In the first installment of our Selligent Pro Tips series, Andy Somers at Selligent Partner company Foreach shares expert insights on keeping translations synchronized between different environments.
The situation
Most clients implement one Selligent system, usually a SAAS. When it comes to handling translations into different languages, this means the following namespace scheme: Application A has three namespaces: “Application A Dev”, “Application A STG” and “Application A PRD”. Application B has three namespaces, and so on.
Says Andy Somers at Foreach: “Since our clients have access to the Selligent tools and can change these translations through the standard Selligent translation tool, we end up with discrepancies pretty fast.”

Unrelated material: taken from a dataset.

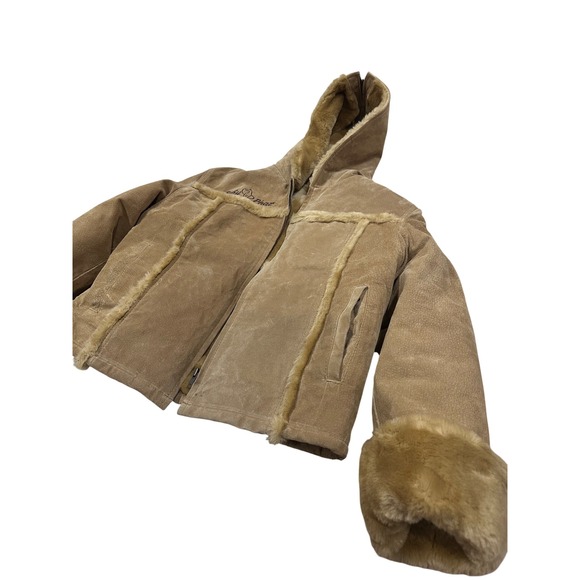 Baby Phat Tan Suede Faux Fur Shearling Jacket Zip Split Hood Vintage Y2K Womens - Picture 2 of 6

Working with the standard Selligent translation tool offers the following view:
Andy Somers comments: “As you can see, this tool offers little in the way of comparing namespaces, or mapping the label keys to their place on the screen.”
The old method
As a workaround, Foreach tried the following makeshift solution: “Originally, with each deploy, we’d compare namespaces manually (and only copy those translations that had changed or were added). As our understanding of the translation system grew, we had written some SQL statements to aid us, but the bulk of the work was still manual. And as we all know, manual equals tedious and prone to errors.”
Engaging in some deep error analysis, Andy Somers and colleagues found: “Turns out the underlying cause was human. We just made too many mistakes during the manual comparison.”
As a result, the manual method proved frustrating for both clients and the pros at Foreach. Time for a better solution…
Major improvements
Drawing on some of the previous programming, the team went to work: “We set out to create a solution that allowed us to automatically copy changes between namespaces. The SQL statements we had before were poured into a couple of stored procedures.”
Combined with a Selligent campaign and a page, the SQL statements yielded the following results:
By default, the tool can copy values from a source to a target namespace, overwriting old values while ignoring values with a newer change date. This way, it ensures the most current translation data prevails. The tool also adds new translations in the target namespace that did not exist there yet.
The method also makes two more “advanced” options available:
But in daily practice, “we don’t use these very often, but they come in handy from time to time,” said Foreach.
The new way
The new and improved deployment from staging to production follows this procedure:
As Andy Somers explains: “This causes both namespaces to contain the same values. Ideally, production is copied to development as well.”
WORKING WITH THE NEW METHOD
Here’s how you can optimize your translation process with this Pro Tips synchronization method.
Start Here:
The code of the stored procedures and the HTML page can be found here on Foreach’s server as a Git snippet.
1. Lists
Since system tables are not represented as lists, the first task is to create these lists to use in your campaign and pages. These lists are based on existing tables: ‘labels’ and ‘namespaces’.
Create a data list for the labels table and an article list for namespaces, since we want to use the latter in the page. In our example, these are called ‘templabels’ and ‘temparticlenamespaces’ respectively.
2. Stored procedures
Take the code in the SQL files from the Git snippet and create two stored procedures: SP_COPY_LABELS and SP_DROP_LABELS.
3. Pages
Create two new pages with the code provided. The first page contains the functionality to display two dropdowns containing the namespaces. Add an article container named NAMESPACES pointing to the ‘temparticlenamespaces’ article list, unchecking all checkboxes.
Next, add a new filter called ALL to that article container and add a sort on ID(ASC).
Note: The second page is one that only contains the word ‘OK’.
4. The campaign
In the final step, we’ll string everything together in a campaign.
Create a new single shot campaign and use the ‘templabels’ list as a base list.
Add a new Weblink as entry point and the labels page as the first step. The next item in the flow is a decision component to check whether or not the target namespace needs to drop all values.
The ‘no’ branch leads to the ‘SP_COPY_LABELS’ stored procedure, the ‘yes’ branch to the ‘SP_DROP_LABELS’ stored procedure. The exit flow from the SP_DROP_LABELS leads to the SP_COPY_LABELS. The last item in the flow is the ‘ok’ page.
The flow should look something like this:
Both stored procedures need to have input parameters, configured as follows:
Copy labels
Drop labels
Ready to Roll
Open the Web link and go to the generated URL, you can now use the tool.
Caveats and disclaimers
Note that this tool makes changes in the labels table of Selligent. This is a system table, which means the structure and/or content of this table might change in the future without warning. Be careful when writing stored procedures on this kind of table, because you might break the system!
Also keep in mind that there is no way to retrieve previous translations once your overwritten them.
Conclusion
Once you have successfully implemented this solution, you’ll see that keeping translations synchronized between namespaces is a breeze.